The attention Leman references includes Abstract Design in American Quilts, both at the Whitney and in its U.S. and European traveling variations, as well as quilt-focused articles in national magazines. The Kopps opened America Hurrah Antiques in Manhattan’s Upper East Side in the late 1960s and offered antique quilts, tops, and blocks from the day they opened until they closed their shop in 2000. Top antique quilt dealers like the Kopps were trend setters: they handled important pieces, they helped establish the quilt market, and they promoted the idea of quilts as art, as something desirable and collectible.

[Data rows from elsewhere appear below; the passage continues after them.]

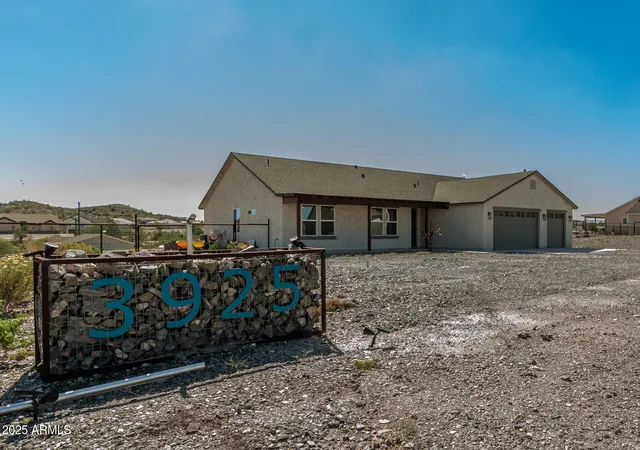 2nd image of 3925 W Moon Dust Trl, San Tan Valley, AZ 85144 | MLS# 7042595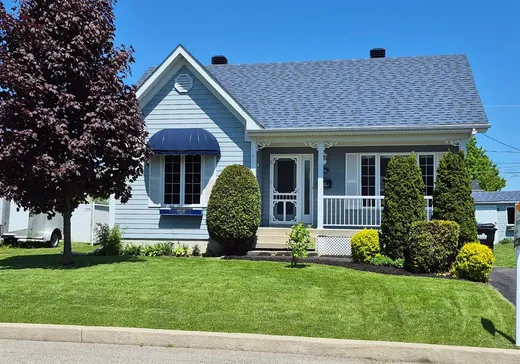 Bungalow for sale - 24 Rue du Ruisseau, Salaberry-de-Valleyfield, J6S6T9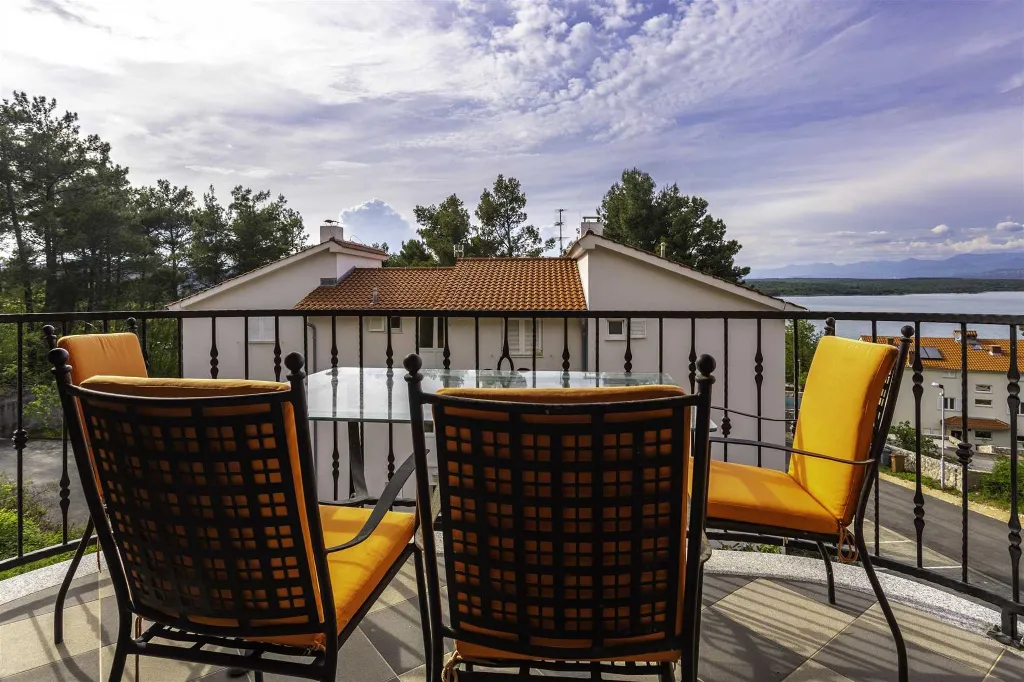 2-Bedroom Apartment in Soline (Krk) for Up to 5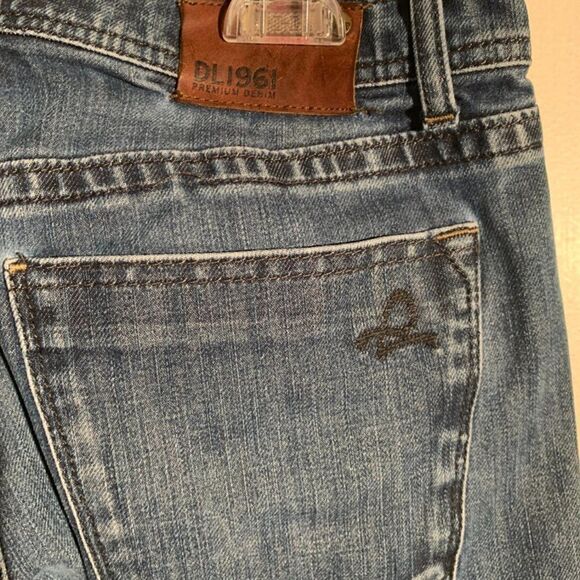 DL1961 Dark Wash Russell Straight Jean  30x27 - Picture 4 of 8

The market wasn’t limited to antique quilts, however. When the Renwick Gallery of the Smithsonian Institution in Washington DC hosted Abstract Design in American Quilts in 1972, women from a Galax, Virginia quilting group demonstrated quilting in the gallery and sold quilts in the gift shop. The quilters and the Renwick both recognized the commercial opportunity created by having quilts hang in a national museum. So did other quiltmakers whose communities possessed generations-long quilting traditions. The Freedom Quilting Bee, for example, a cooperative founded in 1966 by Black women in rural Alabama, sold quilts to high-end department stores such as Bloomingdale's and Saks Fifth Avenue for resale, and The New York Times covered the group and generated public interest in the women and their work.
Collectors flocked to these sources and built important groups of quilts. This included Ardis and Robert James of Chappaqua, New York, whose collection eventually numbered over 1000 pieces and comprised a comprehensive antique American collection, an impressive group of studio quilts, and even some examples of quilting and patchwork from around the world. In 1997, the donation of the James Collection to the University of Nebraska-Lincoln established the study center that eventually would become the International Quilt Museum.